Mark: One buzzword you hear in technology M&A is reverse vesting or re-vesting. That's a requirement imposed by a buyer to get retention value for the key employees that are part of the deal by requiring, even if you're a founder that has fully vested in your equity, to re-vest a portion of that tied to your continued employment with the buyer. It ranges anywhere from 25%, sometimes all the way up to 100% over a 2-4 year vesting time period.

But it's a negotiable term, one in which buyers want to get the retention value and something that also can raise certain tax implications. What are the tax implications of the re-vesting feature that we see commonly in deals these days?

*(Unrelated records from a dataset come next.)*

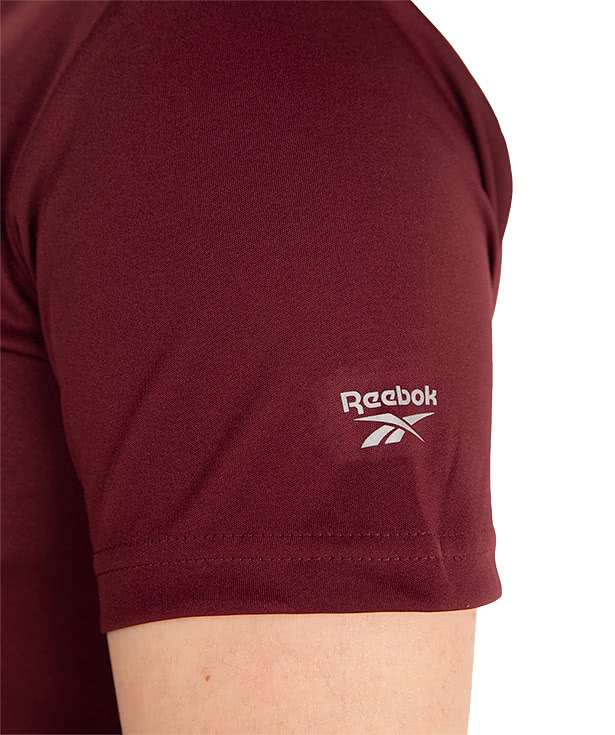 Custom Reebok Women's VNeck Performance Shirt Design Women's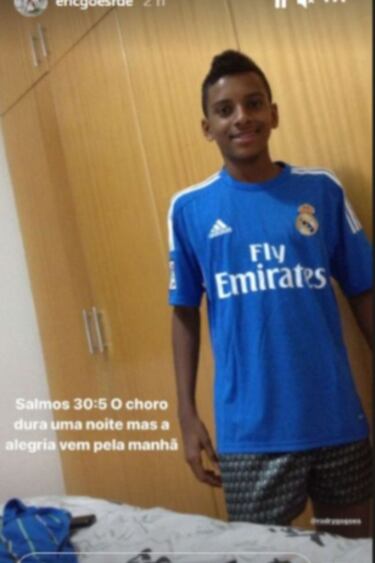 Las reacciones del vestuario del Madrid en el momento más duro: Kroos, Ramos, Vinicius...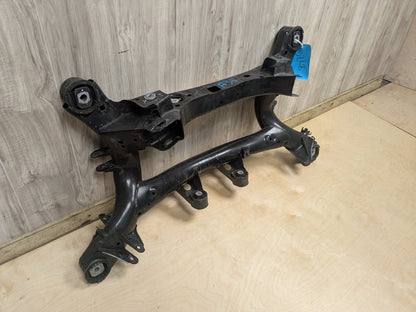 19-22 OEM BMW G20 M340iX Rear Axle Subframe Cradle Suspension Crossmember
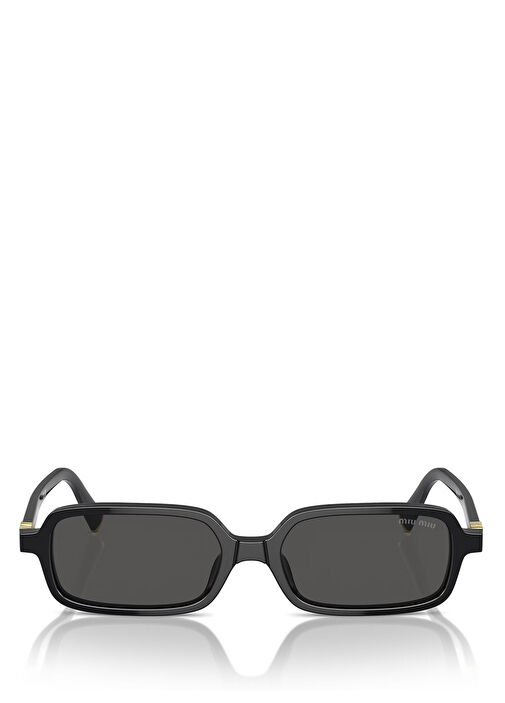 MU 11ZS Siyah Kadın Güneş Gözlüğü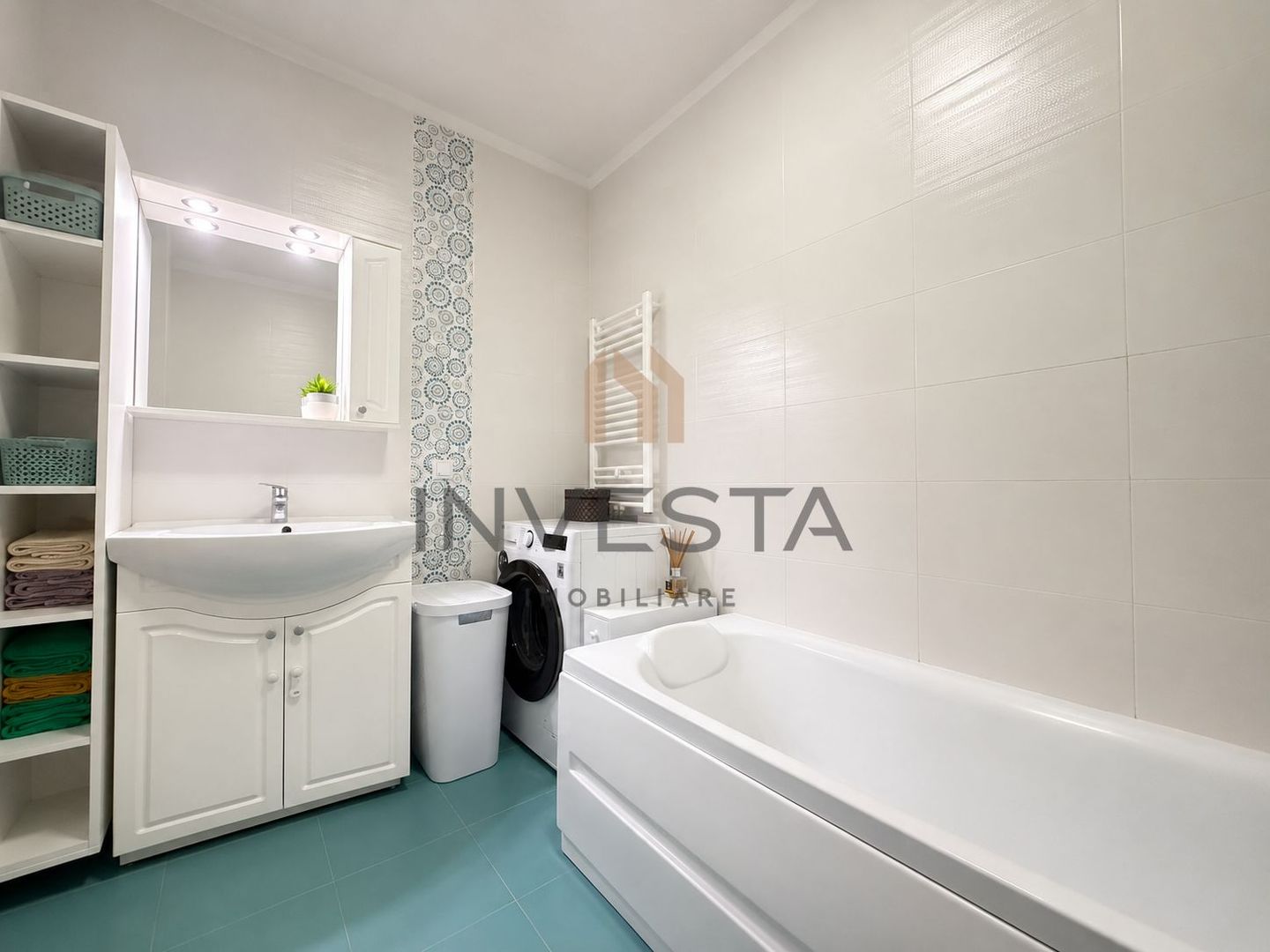 Apartament cu 2 camere zona Grand Park Residence - Poză 4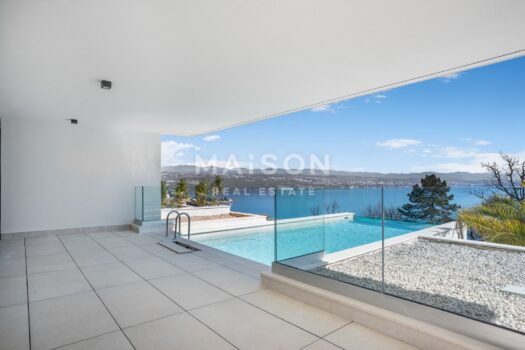 Opatija - Luxuriöse Duplex-Wohnung mit Pool 420,82 m² 1742823995 villa opatija 31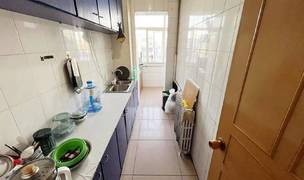Beijing-Shunyi-Cozy Home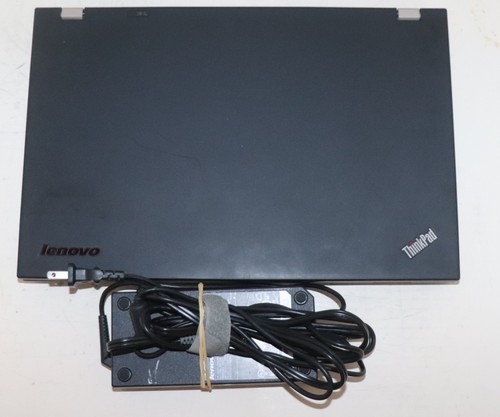 Lenovo thinkpad w530 - lenovo, w530|core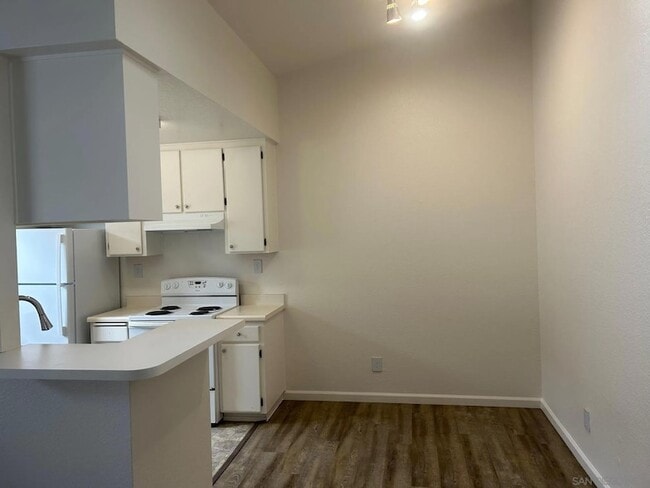 3934 Hamilton St in San Diego, CA - Foto de edificio - Building Photo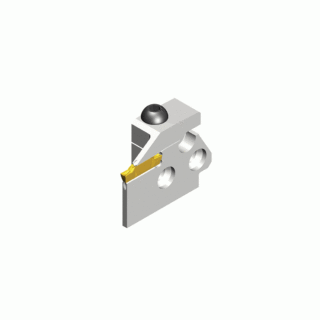 Original TaeguTec 4T16-TB Carbide Insert TCAEL TCAEL 4T16-TB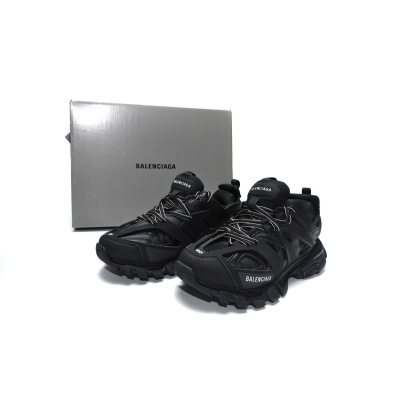 Uabat Balenciaga 3rd Tess S. Black 542436 W1GB1 1000 02
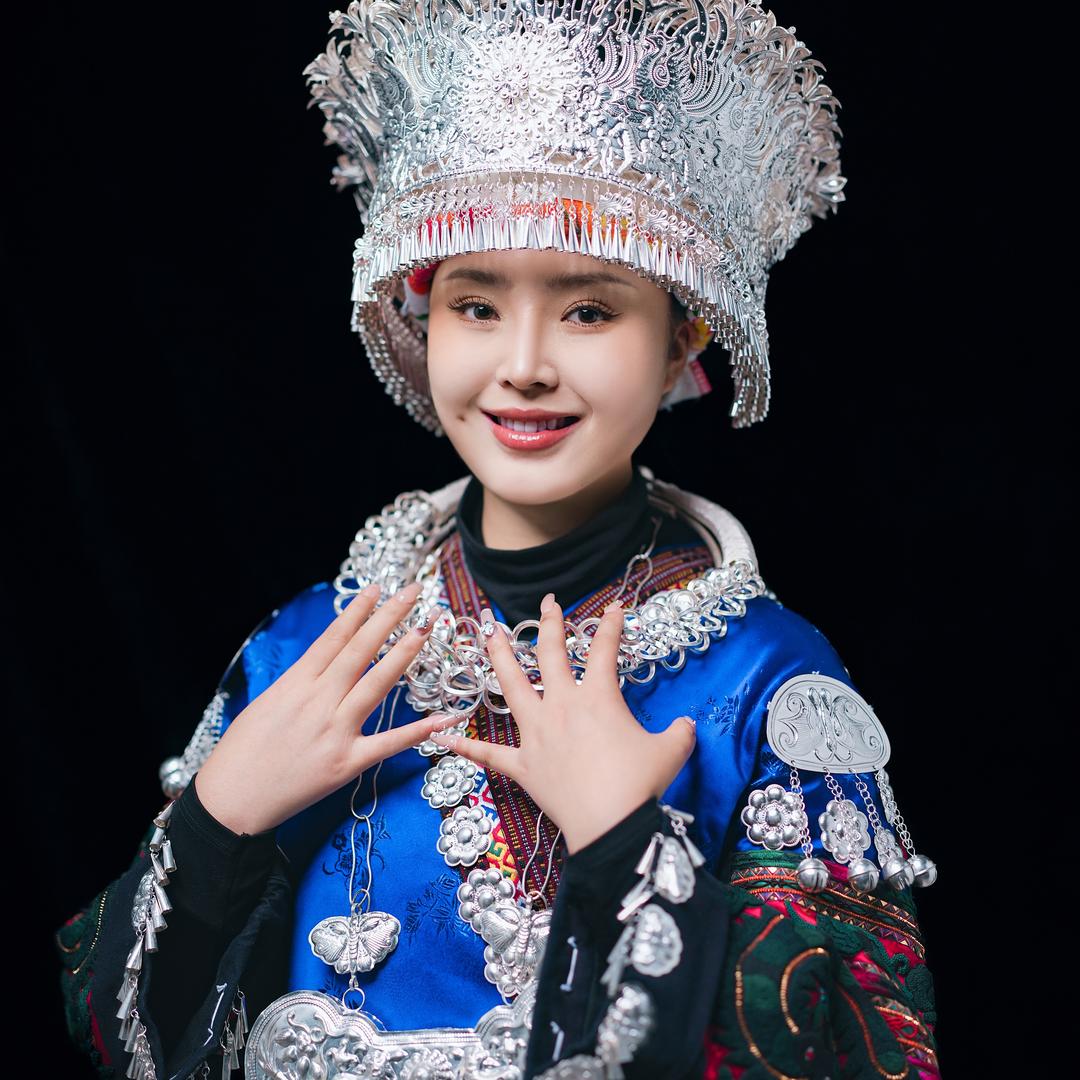 苗寨珍珍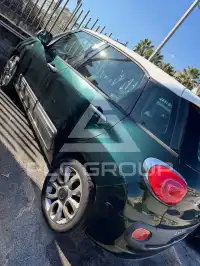 2014 Fiat 500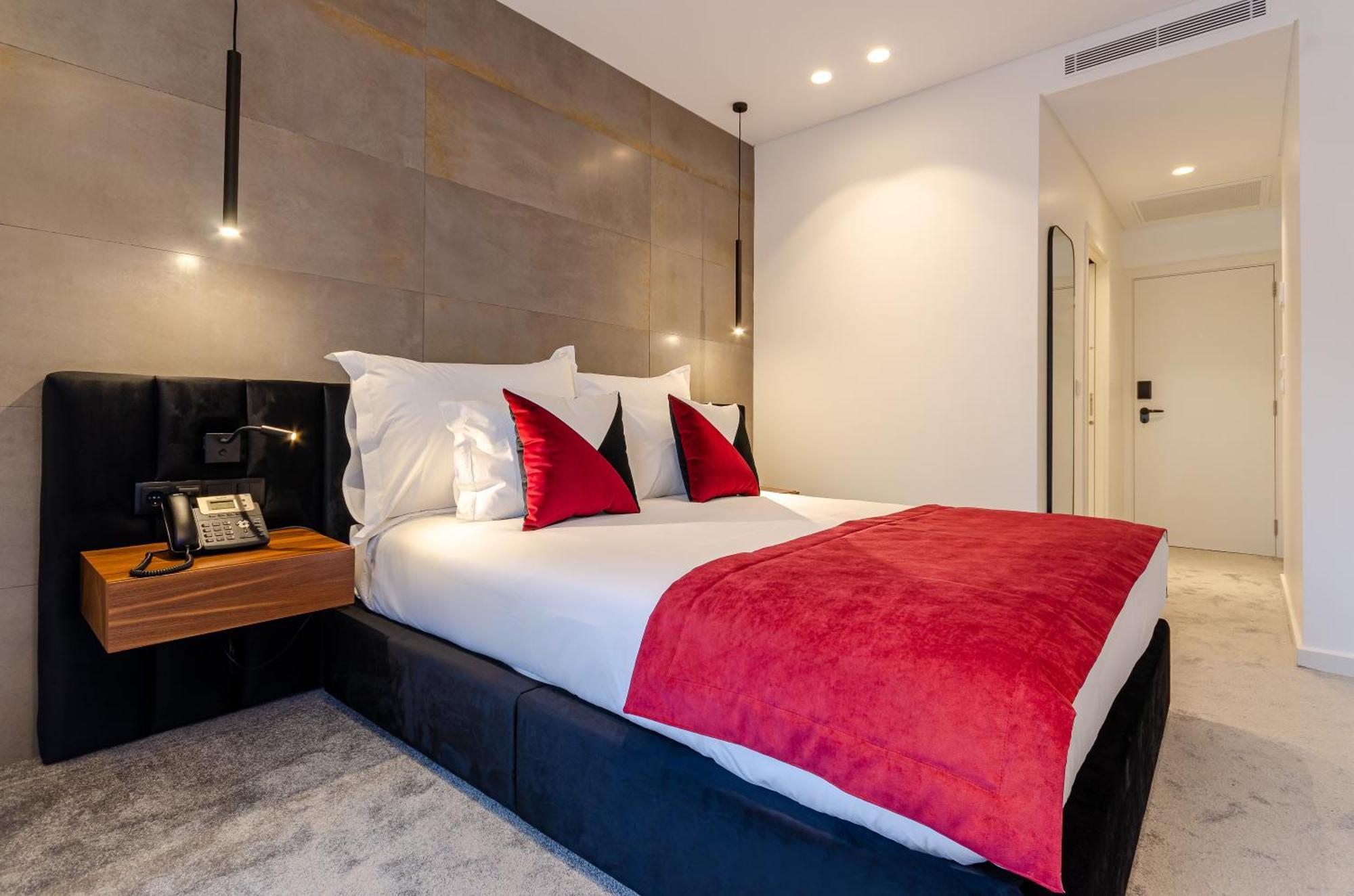 2M Boutique Hotel Montijo Exteriér fotografie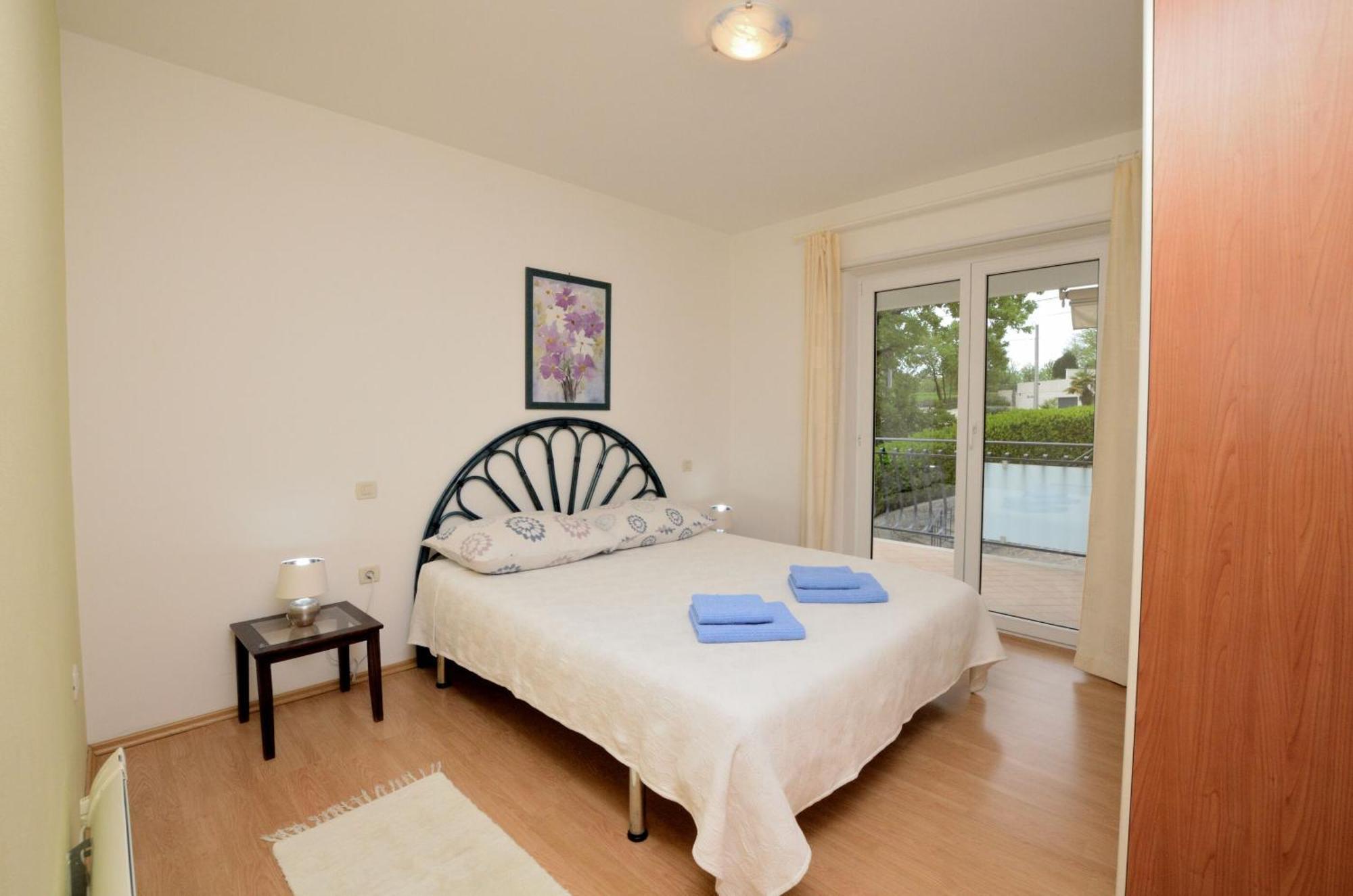 Apartments Marijana Ičići Dış mekan fotoğraf
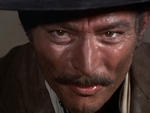 "ANGEL EYES," THE GOOD, THE BAD AND THE UGLY (1966)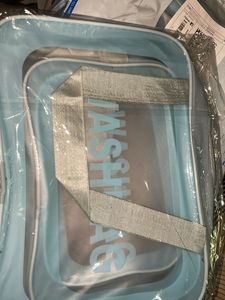 Washbag for travel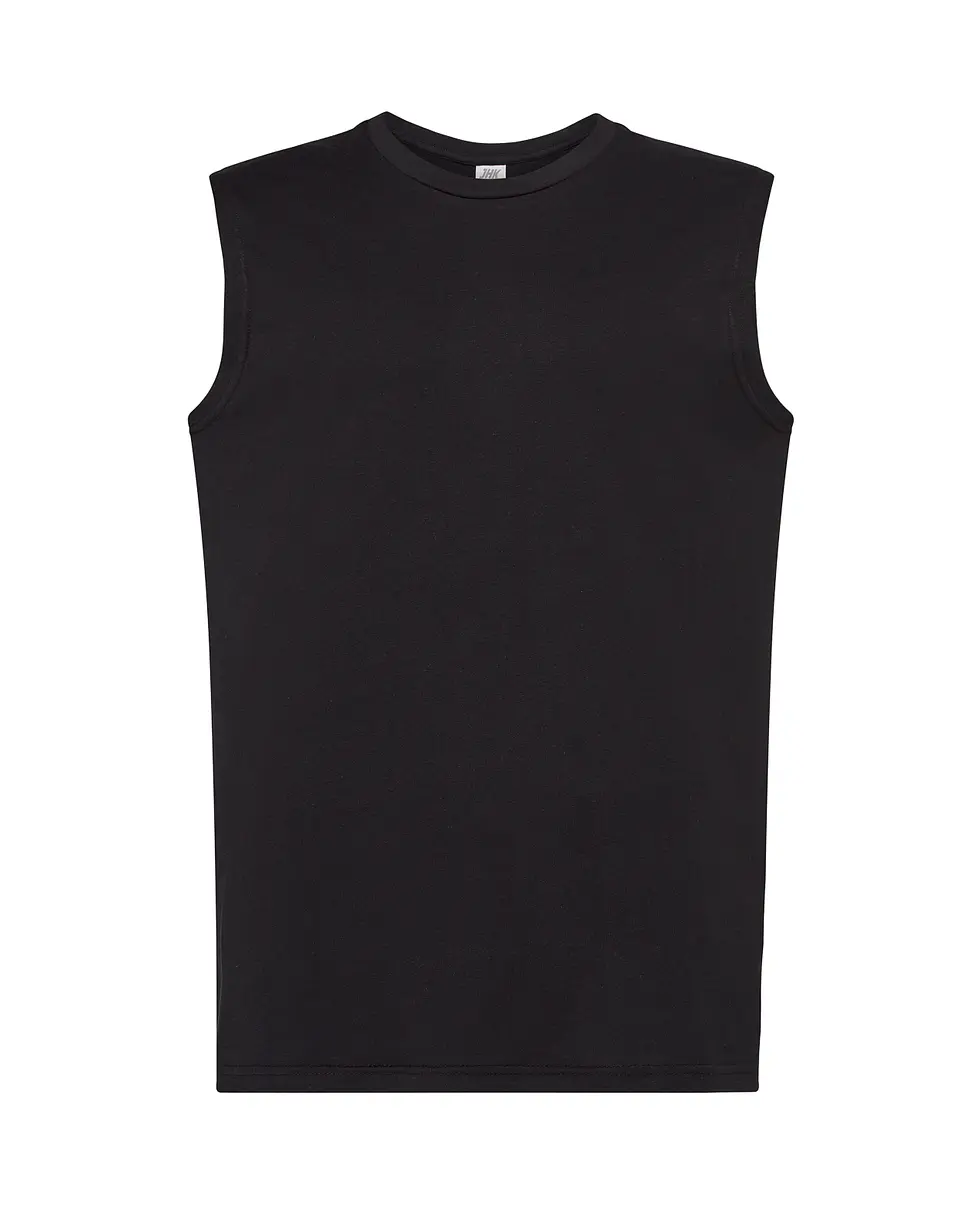 Man Urban Tank Top — Sem Personalização 3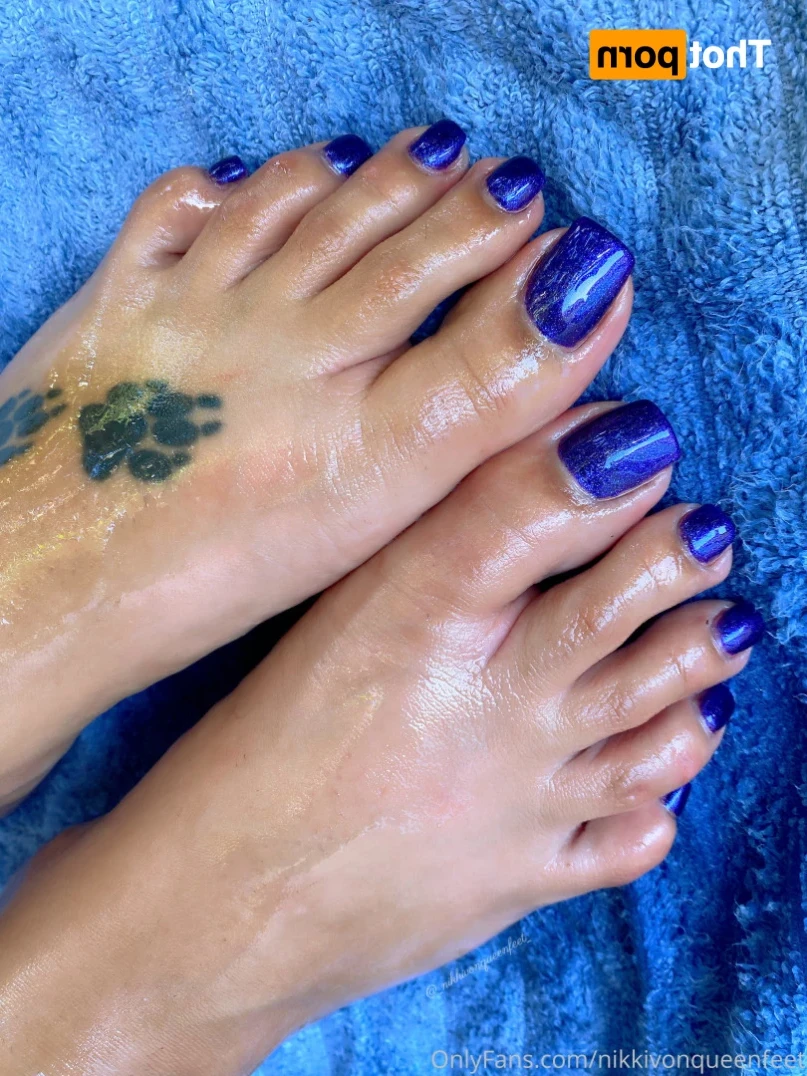 Nikki Von [ nikkivonnails ] Onlyfans leaked photo 14805633 on Hotleaks.tv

Eric: Sure. So whenever you have a payment that is tied to the future performance of services, it raises a concern as to whether that payment should be treated as compensation for services. And that's generally bad news for sellers because compensation for services is generally subject to the highest tax rates, whereas deal consideration, proceeds for stock, is generally eligible for more favorable capital gains rates, as well as potentially 100% exclusion as qualified small business stock, or QSBS.

Fortunately, there is favorable tax authority that says, notwithstanding the fact that that consideration may be tied to future performance of services, as long as it's a value for value exchange, namely that the stock given up by the selling shareholder is equal in value to the buyer equity or other consideration that they receive in that transaction, that it will not be treated as compensation, even though it's subject to continued performance of services. However, it's critical to have the parties agree on the reporting of that, consistent with that treatment as deal consideration and not compensation for services.

Mark: So basically, in my experience, it's a requirement imposed by buyers, but not one that the sellers ought to be exposed to extraordinary tax risk because of the magnitude of the tax implication if it were recharacterized as compensation.

So it's important to know that the terms of the re-vesting is negotiable. There are acceleration rights that can be negotiated to the individual's benefit. And for sure, we need to make sure that the tax alignment between the parties is obtained so that we can mitigate that risk.